Some adults were offered pediatric formulations as a way to continue on the same ARVs, which increased the pill burden from one pill a day to 10 or more. In contrast, some children were given adult versions of lopinavir/ritonavir, because of a shortage of pediatric formulations for that ARV.

“Twenty years ago, there was no treatment in India. Now we have about [1.5 million] accessing treatment. That’s a big change,” says Loon Gangte, founder and president of Delhi Network of Positive People (DNP+), an amfAR community partner. According to UNAIDS, 2.4 million people are living with HIV in India. Of the 1.9 million who know their status, approximately 65% are on treatment. An estimated 1.3 million have achieved viral suppression. “Everyone has personal challenges [accessing healthcare] but this isn’t personal. The stockout shouldn’t have happened.”

During the stockout, some adults received pediatric formulations, which upped the pill burden.

“It’s been 17 years now since we’ve had treatment rollout in India [and this problem] has been recurring. I call it a chronic virus,” says Gangte. “People say HIV is the chronic virus, but the chronic virus is the stockout.”

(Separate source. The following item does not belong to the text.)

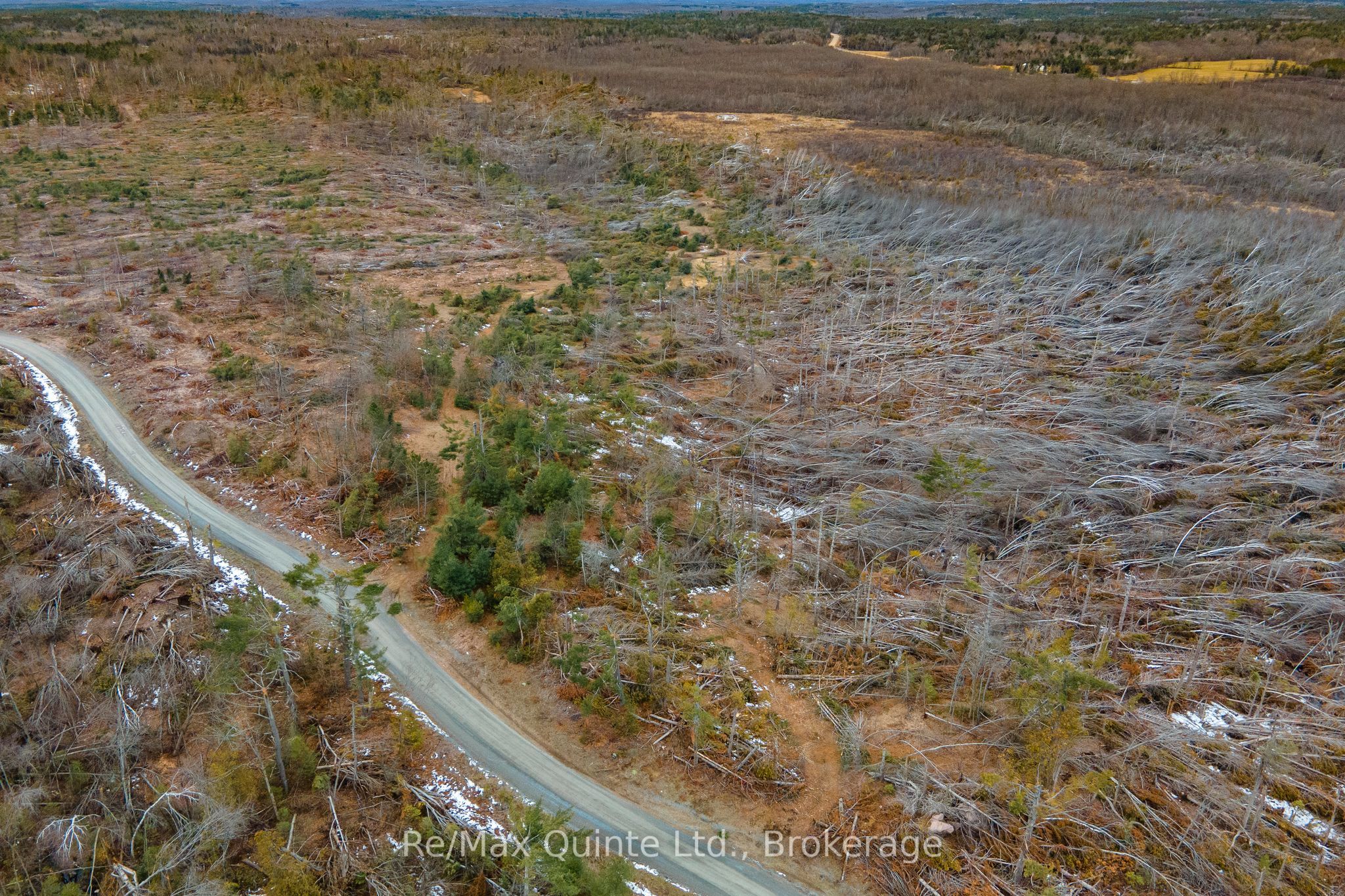 0 Potter Settlement Road Property Photo 11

Stockouts and shortages of ARVs and other HIV-related supplies have happened before, notably in 2014 and 2017. It’s seemingly not a problem with local production but more about missed timeframes in the initiation and completion of procurement processes. 

Poster from the last day of the protest.

Gangte was frustrated that NACO continually asked the protestors to disband prior to the shipment of ARV supplies starting on August 31. “That’s what I tell NACO: Okay, we will call off our protest but can you tell the virus in our body not to do any harm until next month, until you sort out this shortage?…No. The virus won’t simply listen. Every day we have to take our medicine on time. No matter what. Rain or shine. There’s no holiday. We’re not going to call off the protest unless our demands are met. Our demands are simple: Everyone gets medicine according to the NACO guidelines.”

Members of DNP+ endured 42 days in front of the NACO office, demanding appropriate supplies of ARVs for PLWH. Over that time, many PLWH made multiple visits to HIV treatment centers to collect their life-saving medicines while medical staff also had to cope with the increased number of visits. Time will tell how this stockout has impacted the risk of future treatment failures and the strength of the immune systems of those who struggled to maintain access to their medicines. Stock shortages or complete stock-outs must be avoided through consistent planning and effective implementation of national procurement processes.